Firstly, XMedius would like to report that its XMediusFAX software is not affected by the specific vulnerabilities that were discovered and used during this exploit, i.e. CVE-2018-5924 and CVE-2018-5925.
However, the research does highlight that your faxing environment needs to be handled with an appropriate level of precaution, just as you do for your mail, your web server or your workstation environments. Basically, anything processing data from the external world is at risk of being exploited by a yet-unknown vulnerability.
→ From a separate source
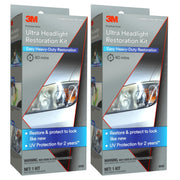 3M kit frontal con caja mostrando el pack doble y componentes para restaurar faros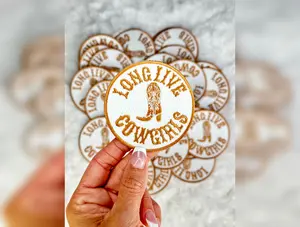 Long Live Cowgirls Embroidered Patch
As such, here are a few elements that should be taken into the consideration when using XMediusFAX and XMediusFAX Cloud:
Reduce the risk footprint
- Using a fax server/service solution reduces the number of devices you have to be concerned about and provides a more controllable environment.
- You can still leverage your MFPs with the use of several integrations and connectors provided by XMedius or its partners, allowing them to have faxing capabilities without being connected to the public telephony network.
- Harden your servers by stopping unnecessary services and reducing the number of unneeded software.
Keep software up-to-date
- XMedius is in total control of all its software code, from the fax stack to the fax delivery mechanisms. XMedius has a vulnerability watch program and releases security updates on a continuous and timely basis. It is, however, the system administrator’s responsibility to keep the XMediusFAX server up-to-date by applying those fixes.
- XMediusFAX uses third party software, such as Java, Tomcat, MySQL and GhostScript. XMedius encourages the system administrator to always keep this software up-to-date to the latest minor release of the major version distributed with XMediusFAX.
- Keep your XMediusFAX server OS up to date, as you would do for your workstation environment.
- Devices like faxes and MFDs need to be updated to get the latest security fix. This is often an oversight in patching policies. In some cases, customers may want to retire devices that cannot be updated.
Segregate, segregate, segregate
- Ideally, your fax server environment should run in its own subnet and be isolated from your corporate network, with a properly configured firewall that allows only necessary traffic.
- Furthermore, your XMediusFAX server modules can be isolated, again allowing only the necessary traffic between them.
- Internet connection should not be allowed from the XMediusFAX servers, apart for necessary/controlled traffic (if any).
- Create a specific network zone for devices like printers, scanners, MFDs; they present a different security profile than the regular desktop environment. For devices in that zone, limit access to the internet and internal network resources to the strict minimum for them to achieve their function.
Monitor the fax system for viruses, trojans and other forms of attacks
- Use a good antivirus/antimalware and make sure to keep it up to date.
- Use vulnerability scanner tools to detect out-of-date software.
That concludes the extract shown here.